The voters for the losing candidate in those elections had a lot more faith than Trump voters had in the results of the 2020 election. In every election from 2004 to 2016, between 8% and 14% of the voters of the losing candidate said they had no confidence at all that the election was legitimate. In 2016, just 11% of Hillary Clinton voters were not at all confident.
This means Republicans are somewhere between 40 points and 50 points more likely this time around to say they had no confidence in the results than the backers of any losing candidate in recent times.
The big difference this time around is that the losing candidate openly cast doubt on the results over and over again.
Republicans’ doubts come despite a clear margin for Biden in the swing states that made the difference. Trump would have had to have won at least three states he lost by more than 10,000 votes (one he lost by more than 20,000) to merely keep Biden from reaching 270 electoral votes.
Trump’s margins over Clinton in the pivotal swing states were similar to Biden’s over Trump’s in terms of percentage points, but Clinton voters didn’t have anywhere near the same doubt of the results.
Trump’s false allegations have certainly shifted the way Republicans think about who should be able to vote. Last month, Pew asked Americans whether citizens should prove they really want to vote by registering ahead of time or whether everything should be done to make it easy for every citizen to vote.
Today, a mere 28% of Republicans say everything should be done to make it easy for citizens to vote.

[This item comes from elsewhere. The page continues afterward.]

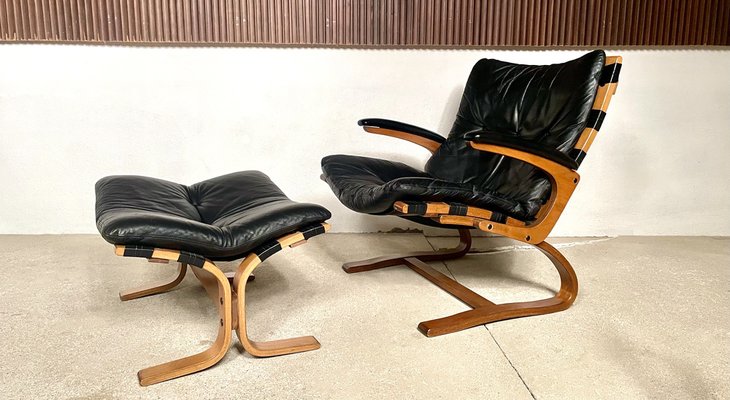 Set of Scandinavian Cantilever Leather Lounge Chair with Set of Scandinavian Cantilever Leather Lounge Chair with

That compares with 71% who say citizens should have to prove they really want to vote.
Back in 2018 (before Trump lost), the split was far closer at 48% of Republicans who believed voting should be made easy as easy as possible to 51% who thought voters should have to prove it.
(Democrats, by comparison, have barely moved on the question with 85% arguing voting should be made as easy as possible. That was 84% in 2018.)
The only thing that has really changed between 2018 and 2021 was the 2020 election.